_Required work_
An exact reproduction of each record is required.

_Input records_
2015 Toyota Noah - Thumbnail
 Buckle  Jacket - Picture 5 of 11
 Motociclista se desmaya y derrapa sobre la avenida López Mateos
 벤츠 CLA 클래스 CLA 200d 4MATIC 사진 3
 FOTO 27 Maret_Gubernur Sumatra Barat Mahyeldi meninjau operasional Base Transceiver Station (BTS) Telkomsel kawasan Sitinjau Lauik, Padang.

_Answer section_
2015 Toyota Noah - Thumbnail
 Buckle  Jacket - Picture 5 of 11
 Motociclista se desmaya y derrapa sobre la avenida López Mateos
 벤츠 CLA 클래스 CLA 200d 4MATIC 사진 3
 FOTO 27 Maret_Gubernur Sumatra Barat Mahyeldi meninjau operasional Base Transceiver Station (BTS) Telkomsel kawasan Sitinjau Lauik, Padang.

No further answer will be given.